Kapoor, Ilan
Professor
PhD Political Science
, University of Toronto
MA International Affairs
, Carleton University
BA (Honours) Economics and Political Science
, University of Waterloo
I teach Global Environmental Politics and International Development Studies from a critical perspective. My research centers on the politicization of global development: showing how it is contested (from the perspective of class, gender, racialization, indigeneity), and opening it up to debate.
Research
SSHRC Insight Grant, 2019-22, “Psychoanalysis and International Development”: Aims to investigates how, and to what extent, psychoanalysis intersects with international development; and to identify and analyze examples and case studies of psychoanalytic phenomena from both the Geography/ Development Studies literature and the international programs of development organizations based on field work.
Selected Publications
BOOKS:
(2020) Confronting Desire: Psychoanalysis and International Development (Ithaca: Cornell University Press).
(2018) Psychoanalysis and the GlObal (edited) (Lincoln, NE: University of Nebraska Press).
(2013) Celebrity Humanitarianism: The Ideology of Global Charity (London & New York: Routledge).
(2008) The Postcolonial Politics of Development (London & New York: Routledge).

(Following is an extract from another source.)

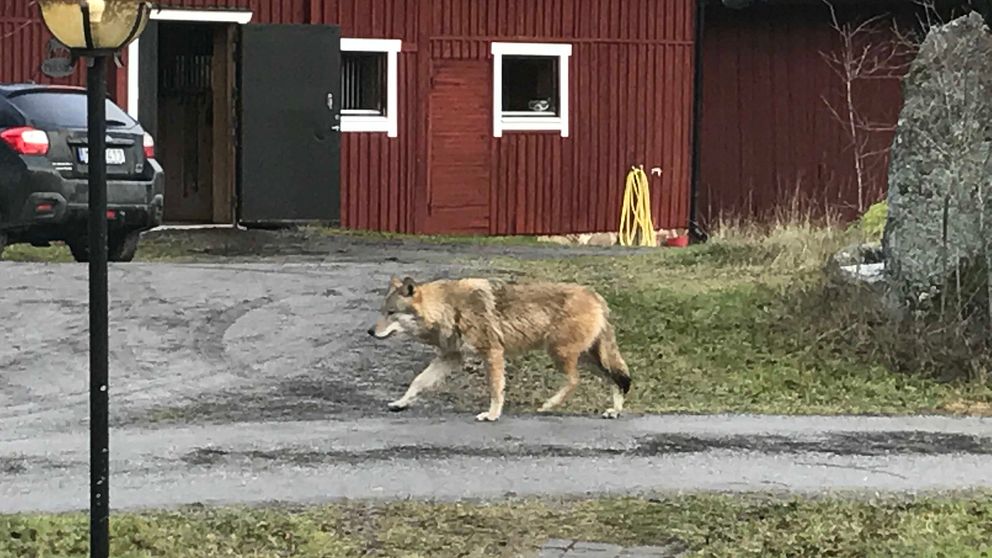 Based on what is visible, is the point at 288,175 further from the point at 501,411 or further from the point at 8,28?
the point at 501,411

RECENT ARTICLES/BOOK CHAPTERS:
(2016) Black Lives Matter: Whitewashing the Amanda Knox Story (with Kent Murnaghan), Bright Lights Film Journal, September 30.
(2015) What ‘Drives’ Capitalist Development?, Human Geography, 8(3).
(2015) The Queer Third World, Third World Quarterly, 36(9).
(2014) Psychoanalysis and Development: An Introduction, Third World Quarterly, 35(7): 1117-19.
TEACHING:
ENVS 2000 Foundations of Environmental Politics, Justice, and Arts: undergraduate course covering the historical, local, national, and transnational dimensions of environmental politics. Key issues: socio-environmental impacts of colonialism, theories of globalization, environmentalism and liberal democratic institutions, the role of science, environmental movements, environmental justice, gender issues in development, transnational corporations, transnational environmental activism.
ENVS 6156 Critical Theories of International Development: graduate seminar focusing on comparative political theory from both “Western” and “Third World” perspectives, including the work of Lenin, Mao, Gandhi, Iqbal, Leila Ahmed, Fanon, Freire, Escobar, Said, Spivak, Bhabha, Quijano, and Anzaldúa. Themes covered include: socioeconomic/cultural imperialism, violence/non-violence, decolonization, anti-racism, nationalism, secularism, political Islam, feminist and queer politics, biopolitics, Orientalism, psychoanalysis, indigeneity, (neo)Marxism, decoloniality, postcolonialism, subaltern agency, revolution.
ENVS 3340 and ENVS 6175 Global Environmental Politics: undergraduate and graduate seminar (separate courses) covering political-economy and discursive analyses of global environmental treaties, trade, multinational corporations, gender politics, migration and citizenship, environmental security and conflict, oil extraction, water, e-waste, and biotechnology.